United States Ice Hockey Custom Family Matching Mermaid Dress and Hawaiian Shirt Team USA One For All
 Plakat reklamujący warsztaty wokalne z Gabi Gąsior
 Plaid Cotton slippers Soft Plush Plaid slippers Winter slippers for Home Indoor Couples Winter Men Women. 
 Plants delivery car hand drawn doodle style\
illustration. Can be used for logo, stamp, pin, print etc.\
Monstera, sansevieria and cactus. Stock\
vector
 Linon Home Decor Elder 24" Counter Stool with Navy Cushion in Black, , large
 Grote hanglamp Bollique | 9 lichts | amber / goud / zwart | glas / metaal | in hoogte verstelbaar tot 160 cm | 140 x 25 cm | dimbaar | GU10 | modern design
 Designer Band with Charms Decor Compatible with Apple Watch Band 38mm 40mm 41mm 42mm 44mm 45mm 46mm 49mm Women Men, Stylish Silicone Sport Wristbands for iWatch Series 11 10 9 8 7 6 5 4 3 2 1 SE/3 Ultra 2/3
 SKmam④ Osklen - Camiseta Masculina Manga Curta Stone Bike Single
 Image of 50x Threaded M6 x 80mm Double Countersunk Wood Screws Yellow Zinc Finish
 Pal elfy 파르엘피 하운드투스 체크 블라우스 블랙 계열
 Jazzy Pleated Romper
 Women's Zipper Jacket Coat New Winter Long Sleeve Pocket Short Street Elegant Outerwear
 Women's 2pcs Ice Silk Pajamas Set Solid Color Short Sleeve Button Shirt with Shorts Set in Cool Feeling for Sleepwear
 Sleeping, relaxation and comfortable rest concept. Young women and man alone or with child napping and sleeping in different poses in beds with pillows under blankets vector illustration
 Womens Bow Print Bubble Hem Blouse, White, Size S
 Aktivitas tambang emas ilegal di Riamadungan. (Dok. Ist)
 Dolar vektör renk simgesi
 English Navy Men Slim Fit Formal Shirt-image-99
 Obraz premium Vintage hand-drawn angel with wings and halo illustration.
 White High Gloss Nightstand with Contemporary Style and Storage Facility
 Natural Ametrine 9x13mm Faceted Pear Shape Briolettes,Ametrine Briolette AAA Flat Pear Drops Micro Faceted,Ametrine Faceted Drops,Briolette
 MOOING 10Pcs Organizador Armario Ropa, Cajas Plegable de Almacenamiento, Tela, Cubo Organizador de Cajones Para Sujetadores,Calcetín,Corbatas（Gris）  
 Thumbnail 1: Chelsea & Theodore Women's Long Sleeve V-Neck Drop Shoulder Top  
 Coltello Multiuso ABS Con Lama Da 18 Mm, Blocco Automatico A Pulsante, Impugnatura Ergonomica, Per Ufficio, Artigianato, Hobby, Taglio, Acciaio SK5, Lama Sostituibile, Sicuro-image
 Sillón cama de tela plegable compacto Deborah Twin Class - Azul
####################
Task requirements >>
Reproduce the records above exactly, from the first line to the line that holds "White High Gloss", inclusive, and omit everything after it.

Result for this exercise >>
United States Ice Hockey Custom Family Matching Mermaid Dress and Hawaiian Shirt Team USA One For All
 Plakat reklamujący warsztaty wokalne z Gabi Gąsior
 Plaid Cotton slippers Soft Plush Plaid slippers Winter slippers for Home Indoor Couples Winter Men Women. 
 Plants delivery car hand drawn doodle style\
illustration. Can be used for logo, stamp, pin, print etc.\
Monstera, sansevieria and cactus. Stock\
vector
 Linon Home Decor Elder 24" Counter Stool with Navy Cushion in Black, , large
 Grote hanglamp Bollique | 9 lichts | amber / goud / zwart | glas / metaal | in hoogte verstelbaar tot 160 cm | 140 x 25 cm | dimbaar | GU10 | modern design
 Designer Band with Charms Decor Compatible with Apple Watch Band 38mm 40mm 41mm 42mm 44mm 45mm 46mm 49mm Women Men, Stylish Silicone Sport Wristbands for iWatch Series 11 10 9 8 7 6 5 4 3 2 1 SE/3 Ultra 2/3
 SKmam④ Osklen - Camiseta Masculina Manga Curta Stone Bike Single
 Image of 50x Threaded M6 x 80mm Double Countersunk Wood Screws Yellow Zinc Finish
 Pal elfy 파르엘피 하운드투스 체크 블라우스 블랙 계열
 Jazzy Pleated Romper
 Women's Zipper Jacket Coat New Winter Long Sleeve Pocket Short Street Elegant Outerwear
 Women's 2pcs Ice Silk Pajamas Set Solid Color Short Sleeve Button Shirt with Shorts Set in Cool Feeling for Sleepwear
 Sleeping, relaxation and comfortable rest concept. Young women and man alone or with child napping and sleeping in different poses in beds with pillows under blankets vector illustration
 Womens Bow Print Bubble Hem Blouse, White, Size S
 Aktivitas tambang emas ilegal di Riamadungan. (Dok. Ist)
 Dolar vektör renk simgesi
 English Navy Men Slim Fit Formal Shirt-image-99
 Obraz premium Vintage hand-drawn angel with wings and halo illustration.
 White High Gloss Nightstand with Contemporary Style and Storage Facility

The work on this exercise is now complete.